Major infrastructure investments continue across transport, logistics and energy.
Dakar remains one of West Africa’s most dynamic commercial centres.
Regional integration through ECOWAS and expanding trade opportunities further strengthen the country’s long-term prospects.
These fundamentals explain why many institutional investors continue to view Senegal favourably.
However, investors consistently identify one factor as increasingly important: predictability.
Infrastructure developers, financial institutions and international partners generally have little difficulty adapting to ambitious reform programmes.
What markets find more difficult to price is uncertainty regarding implementation timelines.
Announcements that are delayed by political negotiations increase project risk, complicate financing decisions and defer capital deployment.
In today’s investment environment, execution often matters as much as policy itself.
Why Investors Are Watching Closely
Political disagreement is not inherently damaging to an economy. Indeed, vigorous democratic debate can strengthen governance.
The concern arises when political competition begins delaying administrative execution.
For Senegal, the coming months will be particularly significant. The government must simultaneously:
implement institutional reforms; manage public finances responsibly;
prepare for energy revenue management;
maintain investor confidence; preserve social cohesion; and
continue delivering on campaign promises.
Each objective requires coordinated political leadership.
Any prolonged disagreement within the executive risks diverting attention from economic implementation toward political management.
Institutions Tested—Not Broken
There remains an important distinction between political tension and institutional instability.

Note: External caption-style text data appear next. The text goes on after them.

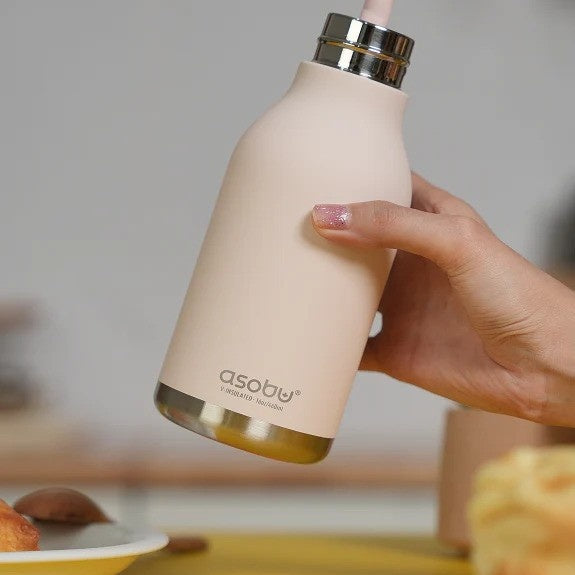 Asobu Bestie Bottle – różowa butelka termiczna 460 ml dla dzieci, uroczy wzór króliczka, słomka, stal nierdzewna, izolacja termiczna.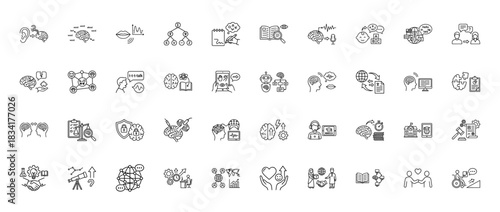 Cognitive and psychological science line icon set. Vector pictograms of brain activity, learning, speech, and mental health, thin outline illustration.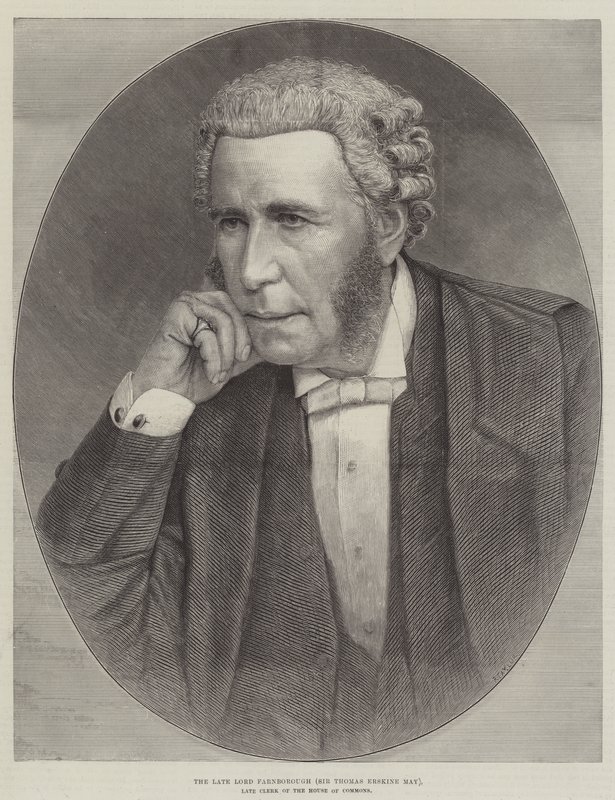 Edesmennyt Lord Farnborough (Sir Thomas Erskine May), edesmennyt alahuoneen virkamies (kaiverrus) tekijältä English School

Senegal’s democratic institutions have repeatedly demonstrated resilience over the past six decades.
The judiciary, electoral institutions, Parliament, civil society and independent media continue to play active roles in maintaining constitutional order.
Unlike many countries experiencing executive disputes, Senegal retains a strong tradition of resolving political disagreements within legal and institutional frameworks rather than through unconstitutional means.
That institutional maturity provides an important source of reassurance for investors.
Most analysts therefore caution against interpreting current developments as evidence of systemic instability.
Instead, they characterise the situation as the inevitable growing pains of a new governing coalition transitioning from opposition politics into the realities of state administration.
The Next Two Quarters Matter
The next six months may prove decisive.
Should the President and Prime Minister succeed in reaffirming a common governing agenda, accelerating implementation of reforms and restoring policy predictability, Senegal could quickly regain political momentum while capitalising on its exceptional economic opportunities.
Failure to do so, however, risks prolonging legislative gridlock at precisely the moment when the country is preparing to benefit from one of the most significant economic transitions in its modern history.
Fortune Africa Perspective
Senegal’s current political tensions should not obscure its remarkable strengths.
The country remains one of Africa’s most institutionally robust democracies, supported by a diversified economy, improving infrastructure, expanding energy production and an increasingly sophisticated private sector.
Yet political capital is a finite resource.
Every month consumed by internal political disagreement is a month not spent implementing reforms capable of transforming economic potential into measurable prosperity.
For investors, the question is no longer whether Senegal possesses opportunity.
That question has already been answered.
The question now is whether political cohesion can keep pace with economic ambition.
History suggests Senegal’s institutions are capable of weathering this moment. Markets will now be watching to see whether its politics can do the same.